→ **Pictures with short captions**:

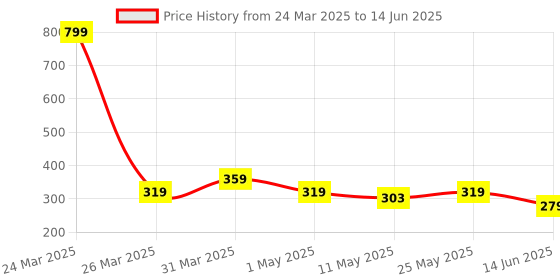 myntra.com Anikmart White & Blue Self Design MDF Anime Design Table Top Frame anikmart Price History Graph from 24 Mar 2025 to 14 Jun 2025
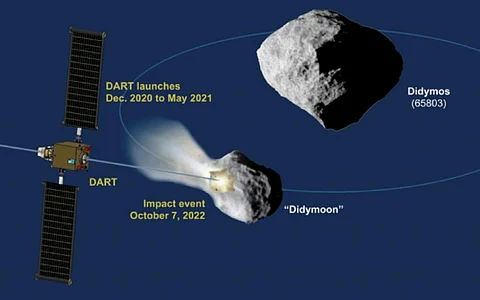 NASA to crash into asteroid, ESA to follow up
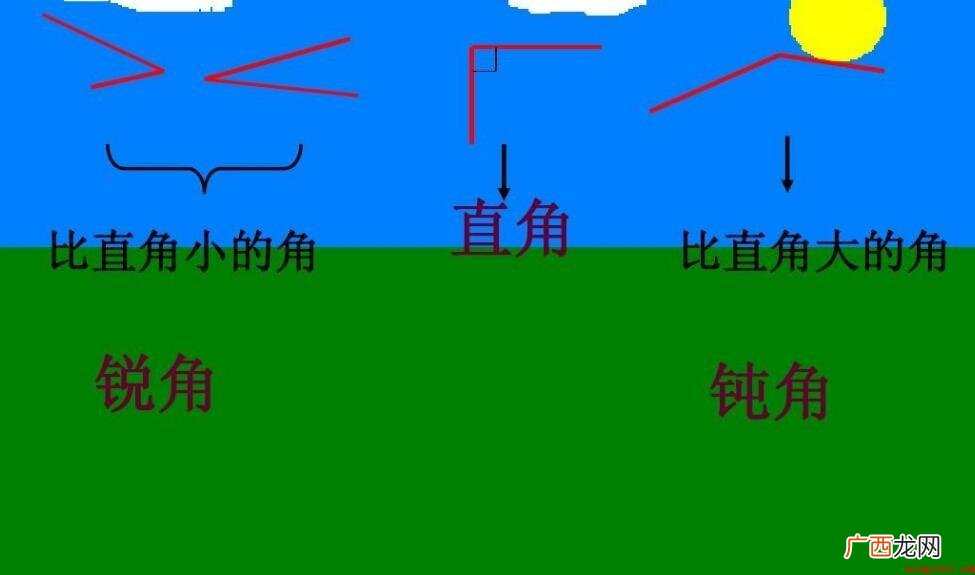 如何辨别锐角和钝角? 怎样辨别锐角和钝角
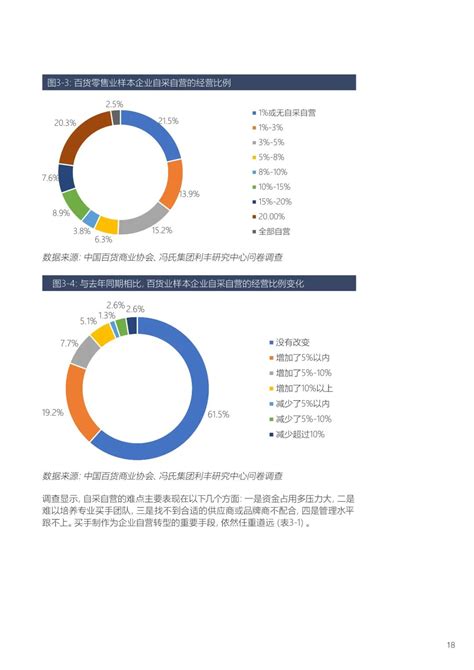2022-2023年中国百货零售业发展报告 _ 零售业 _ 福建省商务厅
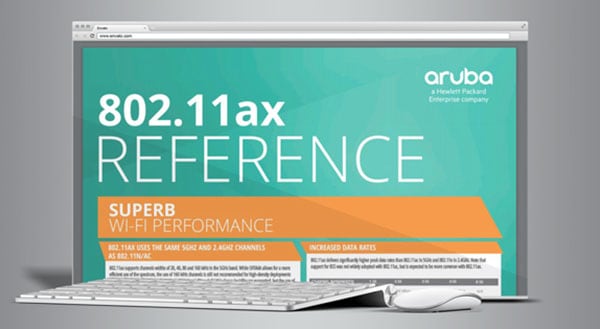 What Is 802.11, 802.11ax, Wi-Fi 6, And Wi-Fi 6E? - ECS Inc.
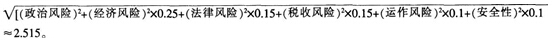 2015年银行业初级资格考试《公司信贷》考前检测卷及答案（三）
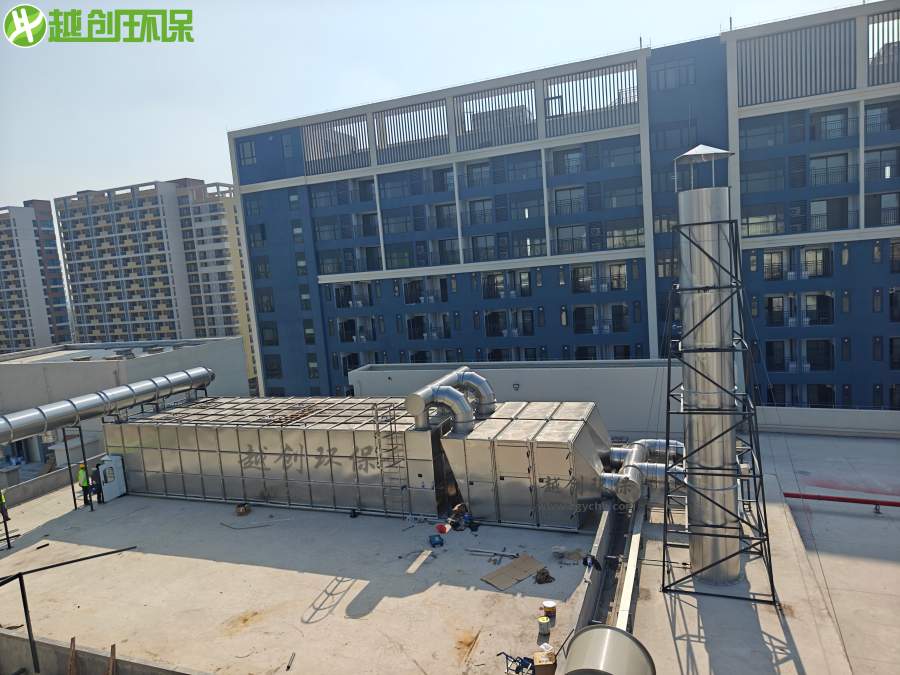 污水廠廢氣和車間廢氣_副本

→ **What is needed**: Please print all of the records above exactly, omitting each picture.

→ **Exercise result**:
 myntra.com Anikmart White & Blue Self Design MDF Anime Design Table Top Frame anikmart Price History Graph from 24 Mar 2025 to 14 Jun 2025
 NASA to crash into asteroid, ESA to follow up
 如何辨别锐角和钝角? 怎样辨别锐角和钝角
2022-2023年中国百货零售业发展报告 _ 零售业 _ 福建省商务厅
 What Is 802.11, 802.11ax, Wi-Fi 6, And Wi-Fi 6E? - ECS Inc.
 2015年银行业初级资格考试《公司信贷》考前检测卷及答案（三）
 污水廠廢氣和車間廢氣_副本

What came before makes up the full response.